I’ve seen guys even on Microsoft, a big symbol sit on the bid or the offer sometimes for 20 or 30 minutes. Why? Because nobody was willing to take their offer or their bid.
Say they’ve got 50,000 shares they’re trying to get out of, it’s like fill or kill, which fill or kill, if you don’t know means, somebody needs to come and take all 50,000. I remember I got in an argument with one of the guys I was trading for. He was trying to exit 50,000 shares of Microsoft and it was always fill or kill.
I’m like, “Steve, what are you doing man? Sell it 5,000 at a time.” “Why? I might not get my price.” I’m like, “You’re not getting any price now, are you?”
He sat there for a second and he’s like, “Yeah, you’re right.” That’s a perfect example of the value was in his mind and it was Microsoft. Nobody would argue that Microsoft stock has no value, but to that one trader at that moment, it literally had no value. He couldn’t sell it.
When entrepreneurs are thinking about their company, it’s the same thing, man. You could be sitting there on the bid for five years trying to sell your crappy company and everybody’s like, “Nope, I’ll pass, I’ll pass,” and all day long, what did the entrepreneurs say? “Why isn’t anybody buying this? I know my company is worth X.” Dude, the marketplace is telling you zero.
Let’s turn things around. Let’s find out what the market actually values. Even on something like Microsoft, which you would think, “Oh, this is a really liquid stock. I can get rid of it any time.” No, mostly you’re dealing with a thousand lot, maybe two, three. 5,000 was really about the most you could reliably get off on Microsoft, but certainly not 50,000. It wasn’t working.
Ryan: That’s huge and fundamental up for a foundation.

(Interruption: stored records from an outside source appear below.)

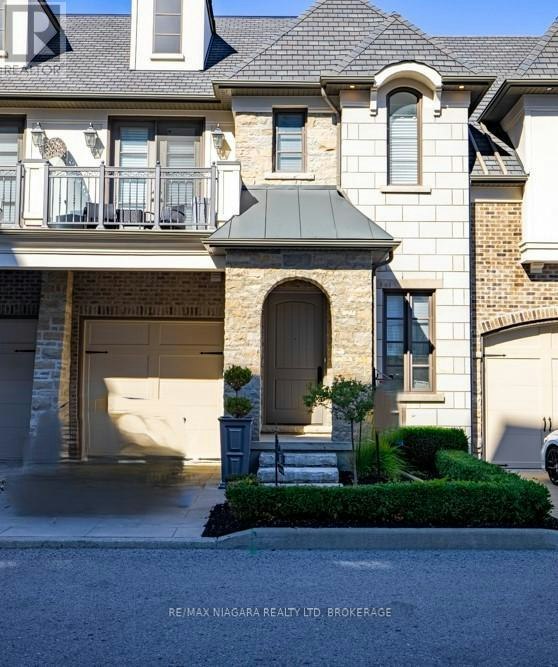 7-15 Arbourvale Common Road, St. Catharines, ON, L2T 3B7 2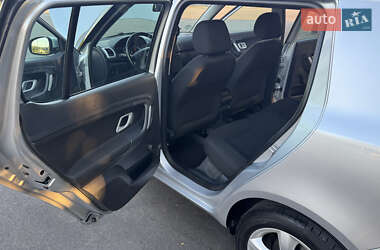 Хэтчбек Skoda Fabia 2009 в 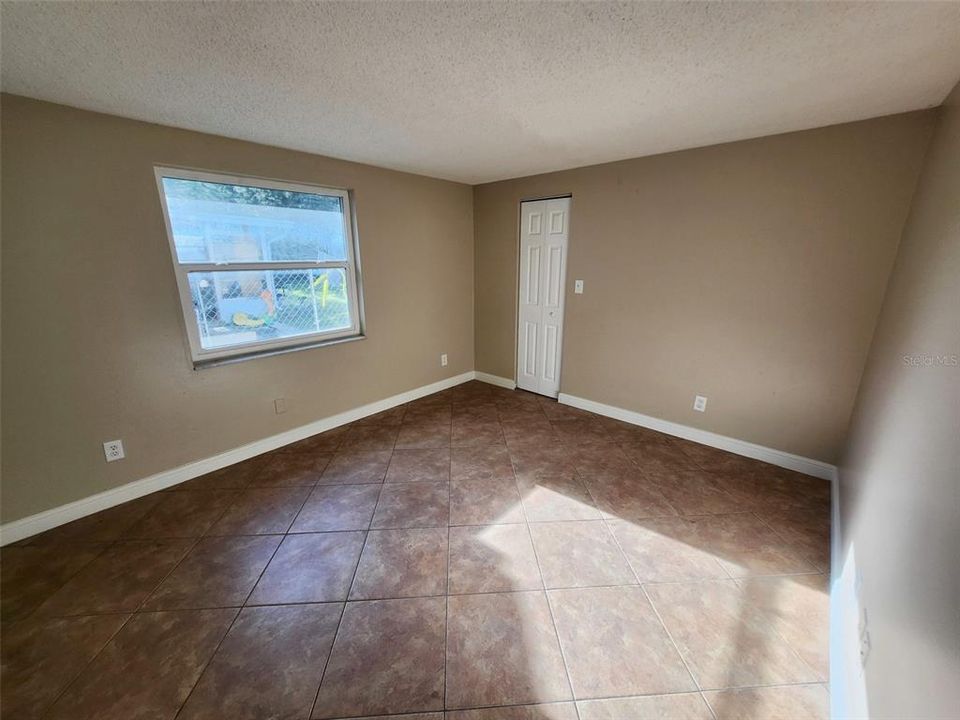 For Sale: $259,900 (2 beds, 2 baths, 1368 Square Feet)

As we progress our story, interesting counting on that. It’s that after we sold our business, and I realized how the market…What actually goes in your pocket afterwards, and all the odds.
I got in the wealth management for a hot second. Afterwards, understanding what to do with money, got a securities license, and then it shifted my mindset into the world that you’re talking about, so was that different order. That’s when you realize a private business is the same thing.
How did you translate into your business, and maybe give the listeners a little bit of an overview. What was the business? Why did you start it, and what was the opportunity?
Maceo: It’s a funny story. Coming out of the 2000s, I was a street preacher for about five years.
Maceo: I know. I wanted to do what God wanted me to do, and I kept getting drawn back into business. Then, finally in 2005, I said, “Well, you know, Lord, if you want me to do this, it’s going to be hugely successful. Otherwise, I’m just going to clean toilets or something.” I don’t know, and so that in 2005, it is when I refocused back on business.
Ryan: What does the street preacher…Sorry, I can’t get it. [laughs]
Maceo: I mean, I was…
Ryan: I know what a street is, but those two combined, I have not heard.
Maceo: Basic preaching on the streets, so talking to everyday people about the gospel and Jesus, man. I mean it’s…
Ryan: That’s awesome.
Maceo: We’re pretty out there. I could tell you a million stories about that, but let me…I digress.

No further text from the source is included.